Mom to little bean
July 5th, 2011
Sierra Madre, CA
I found out that I was pregnant on June 11th. I couldn’t believe my eyes when I saw those two little pink lines appear on the hpt I had taken. I took 7 more tests just to make sure and they were all positive. When it finally sunk it I just burst into tears of joy… I was pregnant! There is nothing more that I wanted in the world than to be a mom. I was actually supposed to start fertility treatments at the end of the month.
After trying for a year and having only one partial ovary, (I had previously had a couple surgeries to remove ovarian dermoid cysts) I was terrified that I could never get pregnant. I felt so excited and blessed that I was able to get pregnant. It was all such wonderful timing and I was so thrilled that my boyfriend and I were finally going to start a family. We told our own families right away, but decided to wait until I was out of my first trimester to tell others. Everyone was genuinely thrilled for us, especially since they all knew about everything we had gone through and how badly we wanted to be parents.

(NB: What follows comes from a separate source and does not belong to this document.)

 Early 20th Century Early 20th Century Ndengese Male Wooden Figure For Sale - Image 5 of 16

I had my first doctor’s appointment on June 28th and was able to see my little bean and even hear a heart beat. It was the happiest day of my life. I already felt such an immense connection to this life growing inside me. I loved my little bean and felt so proud to be a mommy. I was 5 weeks and 6 days along. I quickly started imagining what my baby was going to look like and what it was gonna feel like when I was finally able to hold him or her in my arms. In the meantime though, I was happy to have this little bean growing in me and I already wanted to give it the best. The minute I found out I was pregnant very careful to take my pre-natal vitamins, drink plenty of water and avoid foods that could be contaminated with bacteria. I would have done anything and everything in my power to ensure that my little bean stayed safe.

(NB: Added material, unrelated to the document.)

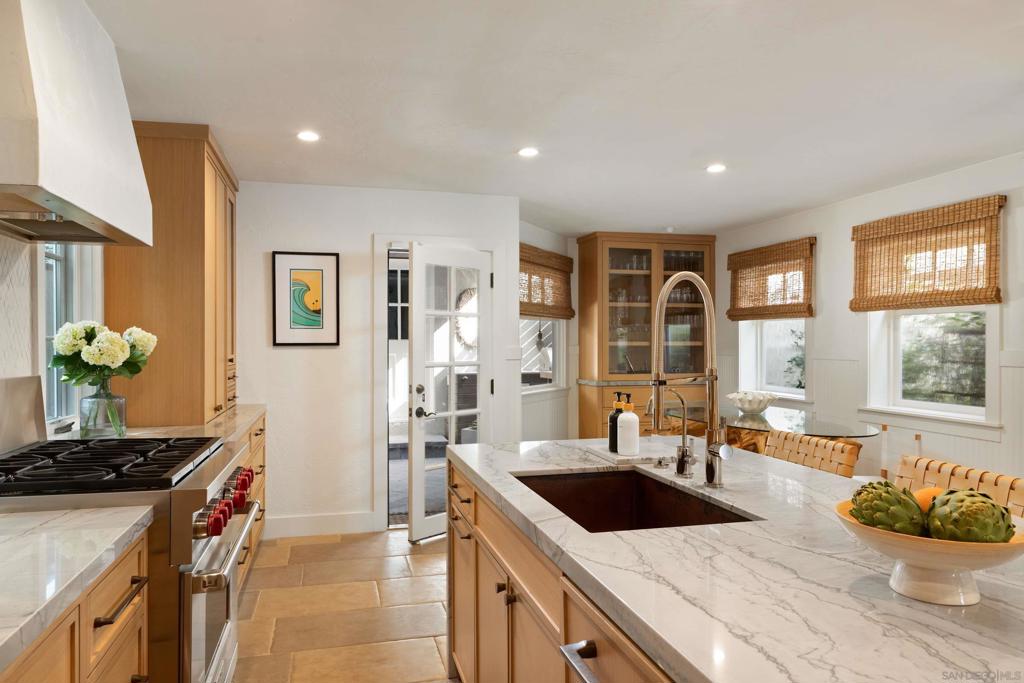 335 Gravilla Street Property Photo 18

However, for unknown reasons I started spotting a few days after my ultrasound. A couple friends of mine that had children assured me that it was normal. I was an anxious first time mom though, and I just wanted to make sure that all was well so I called my doctor. I went it for a second ultrasound and was told that my cervix was closed and that my little bean was growing just fine and had a strong heart beat. I felt some relief, but I had a bad feeling in the pit of my stomach. Something just didn’t feel right. I was able to listen to my baby’s heartbeat for the last time that day. When I got home from my appointment I started bleeding heavily and within a few hours my little bean was gone.
I had never felt so devastated and empty in my whole life. I did not want to say goodbye. I wanted to stay pregnant so badly. I wanted to be able to see my belly swell and feel my baby kick. It’s only been a week since my miscarriage. It hurts so bad. I miss my little bean so much. I am so thankful that I got to be a mommy even if it was only for about 7 weeks. I bought a necklace that I’m going to wear daily to honor the baby that I lost. I will never forget my little bean and the happiness that I felt knowing that it was growing inside me. I don’t know if I will be able to get pregnant again because I have another small dermoid cyst and it’s just a matter of time before I have to get surgery again. This experience has just made me want to be a mommy even more. I know in my heart though that one way or another I will have a family some day.